* DATA UNDER STUDY
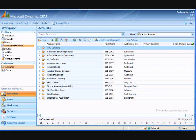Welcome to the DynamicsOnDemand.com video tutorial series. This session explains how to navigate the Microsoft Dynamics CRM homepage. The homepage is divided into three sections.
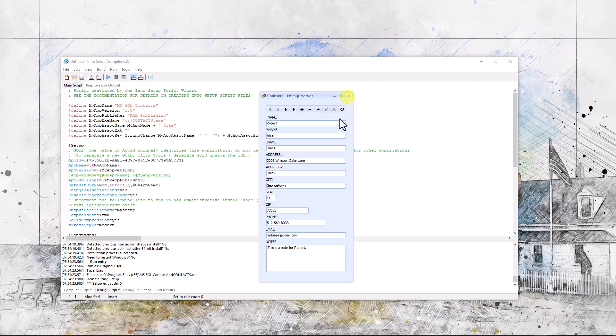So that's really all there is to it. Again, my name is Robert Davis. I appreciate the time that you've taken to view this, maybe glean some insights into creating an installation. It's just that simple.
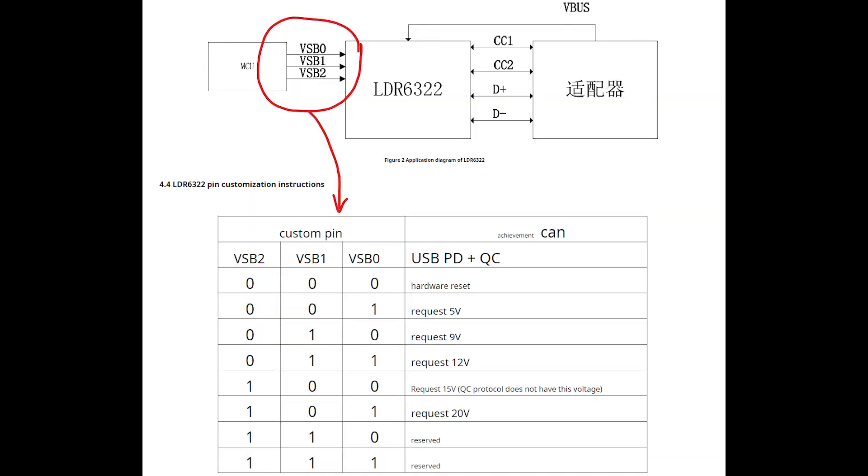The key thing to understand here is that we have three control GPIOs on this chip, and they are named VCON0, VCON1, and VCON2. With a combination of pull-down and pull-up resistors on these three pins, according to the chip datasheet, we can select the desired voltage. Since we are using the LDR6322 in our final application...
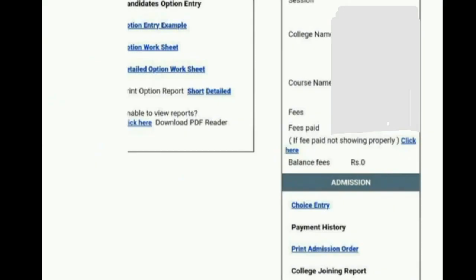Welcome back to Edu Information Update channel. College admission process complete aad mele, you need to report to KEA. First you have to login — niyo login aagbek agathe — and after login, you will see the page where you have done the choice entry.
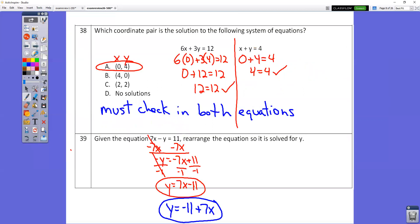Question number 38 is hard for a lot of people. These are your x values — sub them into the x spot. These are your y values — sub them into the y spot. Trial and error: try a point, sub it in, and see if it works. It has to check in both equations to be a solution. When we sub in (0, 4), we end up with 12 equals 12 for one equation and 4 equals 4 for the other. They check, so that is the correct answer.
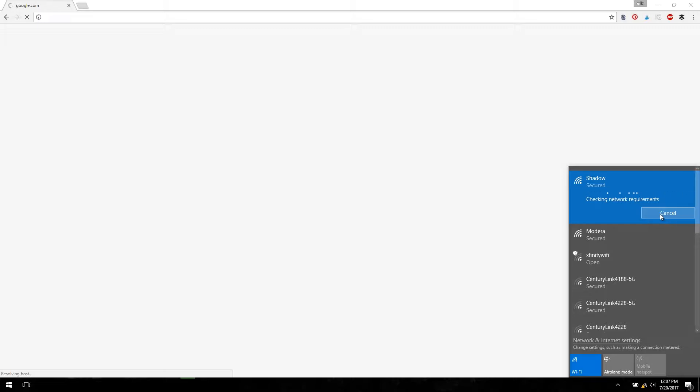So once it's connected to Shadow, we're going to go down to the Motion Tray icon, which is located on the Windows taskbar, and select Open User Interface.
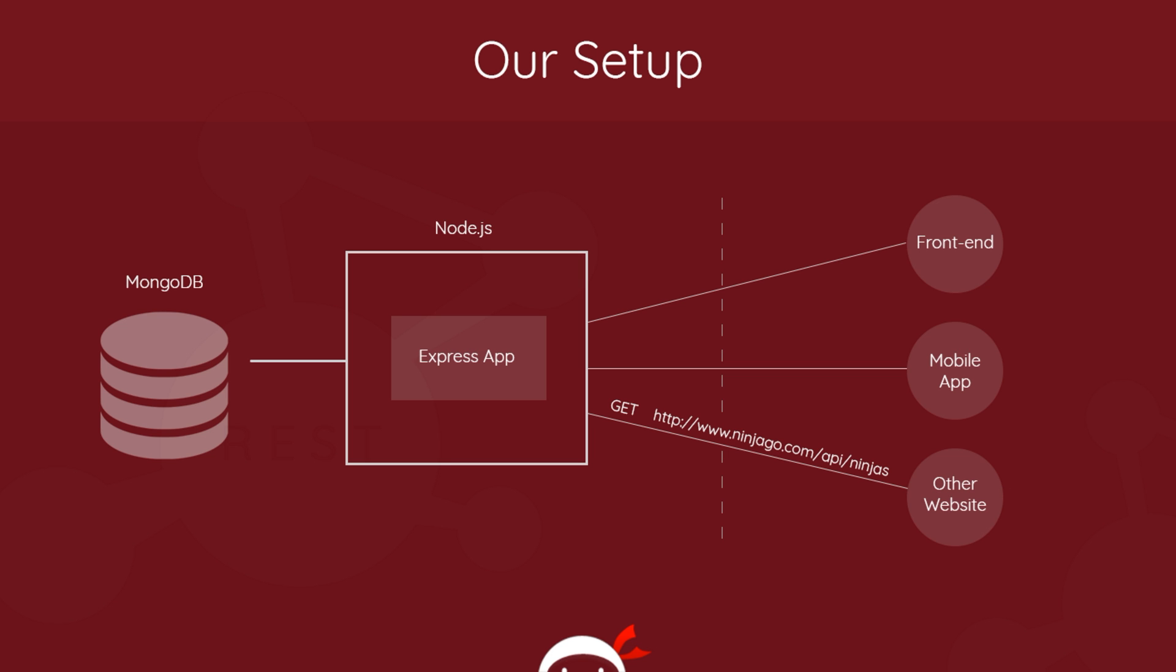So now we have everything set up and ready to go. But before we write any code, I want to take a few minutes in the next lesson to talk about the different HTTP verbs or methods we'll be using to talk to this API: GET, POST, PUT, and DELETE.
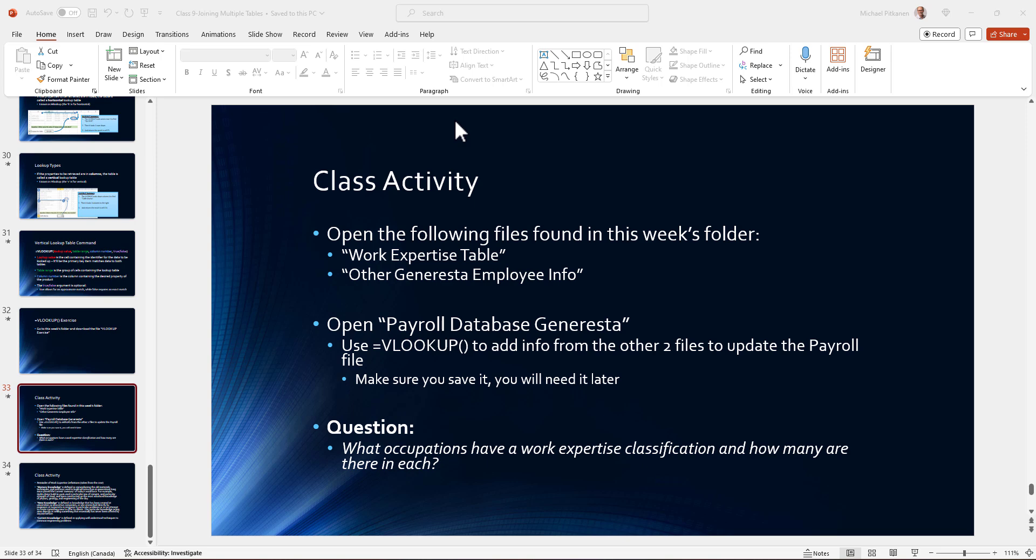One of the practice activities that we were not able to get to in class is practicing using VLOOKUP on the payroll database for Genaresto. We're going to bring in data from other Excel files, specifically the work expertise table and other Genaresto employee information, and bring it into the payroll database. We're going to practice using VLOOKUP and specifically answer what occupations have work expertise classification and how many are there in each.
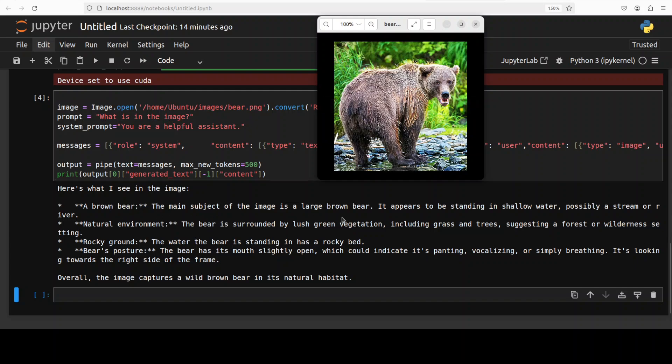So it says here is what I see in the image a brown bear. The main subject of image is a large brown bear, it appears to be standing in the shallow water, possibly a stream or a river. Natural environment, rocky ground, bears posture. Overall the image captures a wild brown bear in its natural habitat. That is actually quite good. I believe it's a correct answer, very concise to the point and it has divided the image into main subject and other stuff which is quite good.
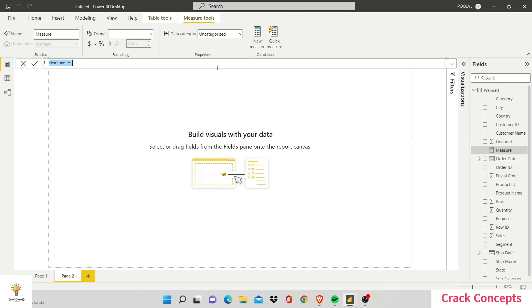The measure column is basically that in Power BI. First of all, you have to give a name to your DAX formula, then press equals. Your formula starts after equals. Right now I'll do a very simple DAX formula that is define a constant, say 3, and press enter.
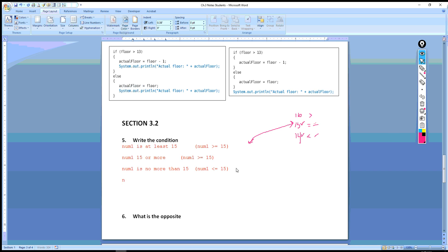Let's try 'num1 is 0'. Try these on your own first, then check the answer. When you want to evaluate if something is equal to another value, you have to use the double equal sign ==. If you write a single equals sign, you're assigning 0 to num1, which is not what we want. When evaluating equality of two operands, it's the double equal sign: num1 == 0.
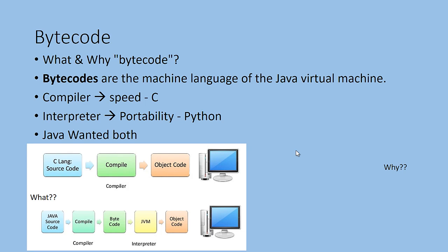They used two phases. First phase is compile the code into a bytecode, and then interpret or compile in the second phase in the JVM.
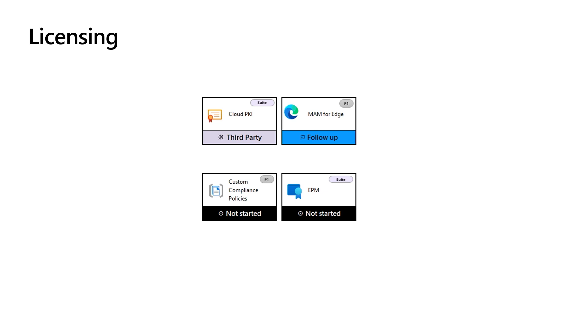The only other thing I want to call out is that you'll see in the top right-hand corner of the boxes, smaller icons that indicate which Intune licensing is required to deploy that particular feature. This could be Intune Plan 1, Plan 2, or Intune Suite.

* ACTION ITEM
Copy, word for word, the entries above from the first line to the line that holds "So now we have". Drop the pictures.

* OUTPUT BELOW
Welcome to the DynamicsOnDemand.com video tutorial series. This session explains how to navigate the Microsoft Dynamics CRM homepage. The homepage is divided into three sections.
So that's really all there is to it. Again, my name is Robert Davis. I appreciate the time that you've taken to view this, maybe glean some insights into creating an installation. It's just that simple.
The key thing to understand here is that we have three control GPIOs on this chip, and they are named VCON0, VCON1, and VCON2. With a combination of pull-down and pull-up resistors on these three pins, according to the chip datasheet, we can select the desired voltage. Since we are using the LDR6322 in our final application...
Welcome back to Edu Information Update channel. College admission process complete aad mele, you need to report to KEA. First you have to login — niyo login aagbek agathe — and after login, you will see the page where you have done the choice entry.
Question number 38 is hard for a lot of people. These are your x values — sub them into the x spot. These are your y values — sub them into the y spot. Trial and error: try a point, sub it in, and see if it works. It has to check in both equations to be a solution. When we sub in (0, 4), we end up with 12 equals 12 for one equation and 4 equals 4 for the other. They check, so that is the correct answer.
So once it's connected to Shadow, we're going to go down to the Motion Tray icon, which is located on the Windows taskbar, and select Open User Interface.
So now we have everything set up and ready to go. But before we write any code, I want to take a few minutes in the next lesson to talk about the different HTTP verbs or methods we'll be using to talk to this API: GET, POST, PUT, and DELETE.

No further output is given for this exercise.